Summary: We all know the pain of broken relationships. It is important to learn how to restore those relationships.

I want to talk about something this morning that isn’t much fun to talk about, but something we all struggle with and something that is very important. The topic is broken relationships.

We all know the pain that broken relationships cause. When a marriage is broken by divorce, there is so much pain, to the couple involved, to the children, to the extended families, to mutual friends.

And in many families that haven’t reached the stage of divorce, there are those days when you come home from work and there are all these things that you just can’t talk about because they are too hot to handle. A very normal piece of business comes up. Shall we go out with the so-and-so’s this weekend? Do you think we could afford to replace that chair in the living room? There was a charge on the credit card that I don’t recognize; do you know what it is? And you bring up the simplest things, that should be handled so easily, but a whole history of unresolved conflicts gets attached to it and there’s this big blowup and the simplest thing gets so complicated and you wonder how it’s all going to ever get resolved. And you really need your family. You need a place that you can go home to and let down your guard and just relax and be understood and accepted. We all need that. Broken relationships hurt.

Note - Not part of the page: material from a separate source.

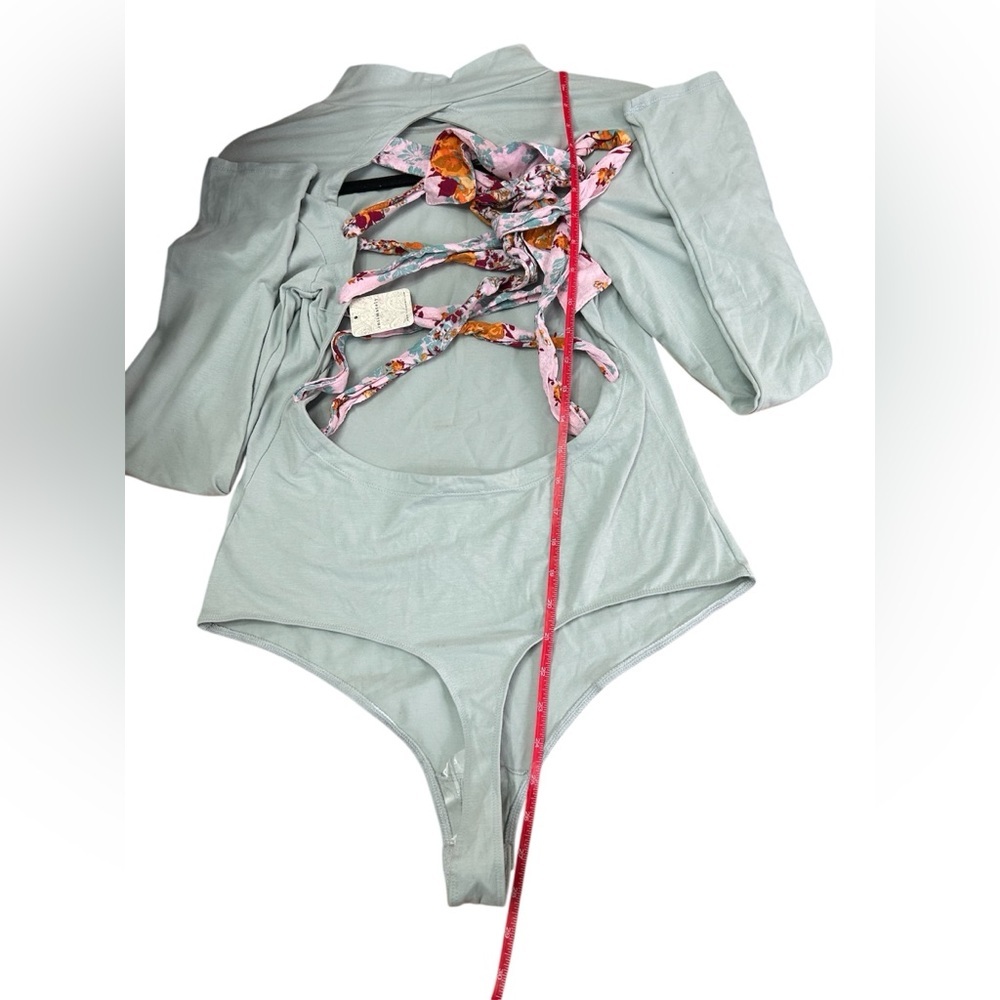 Free People Sz Large NWT Mercury Gray floral lace up back thong Fall Bodysuit - Picture 8 of 9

You can understand the problem of broken relationships in the workplace. There is an ongoing battle between two people. They collect accusations against each other so that the air is poisoned with the accusations and the attempts to sort it all out. One tries to keep the other out of the loop. When a decision needs to be made, it’s not as simple as what is best for the business, but there are all these personal or political complications. You have to think about egos and what this person will accept and that person. When the normal irritations of life occur, instead of the two people just sitting down and working it out in an amiable, cooperative way, they take their complaints to everyone in the office except the one involved. Gossip runs wild. Issues that are tiny and should be handled easily or maybe even just ignored get blown way out of proportion and become major battles. Cliques form as people are drawn into taking sides. And what happens to the productivity of that office? It plummets. And what happens to morale? Who wants to work in that kind of setting? Broken relationships really hurt.

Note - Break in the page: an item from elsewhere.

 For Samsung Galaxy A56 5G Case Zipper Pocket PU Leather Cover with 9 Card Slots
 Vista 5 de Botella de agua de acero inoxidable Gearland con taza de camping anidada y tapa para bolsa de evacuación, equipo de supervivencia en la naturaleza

And it can even happen in the church, perhaps especially in the church because we have such high hopes for being loved in the church and we are working for God and we want everything to be done “the right way.” But we don’t always agree on just what “the right way” is. And we hope that we can bring our wounded selves into the church and find people who will be mature and understanding and healing for us. But the problem is that most of us are wounded. John Wesley talked about Methodists “going on to perfection.” But none of us has made it there yet. And so most churches have at least a few broken relationships. If you read just about any of Paul’s letters to the early church you’ll see that they had struggled to get along, too. But in the church, it can really hurt. The Apostle Paul wrote to the Corinthians that they, together, were the body of Christ. And if you are treated with love by the body of Christ, then you feel Christ’s love. Jesus said that the world would know that the Father sent him if they see the church loving one another. But when relationships break down, God starts to feel very far away.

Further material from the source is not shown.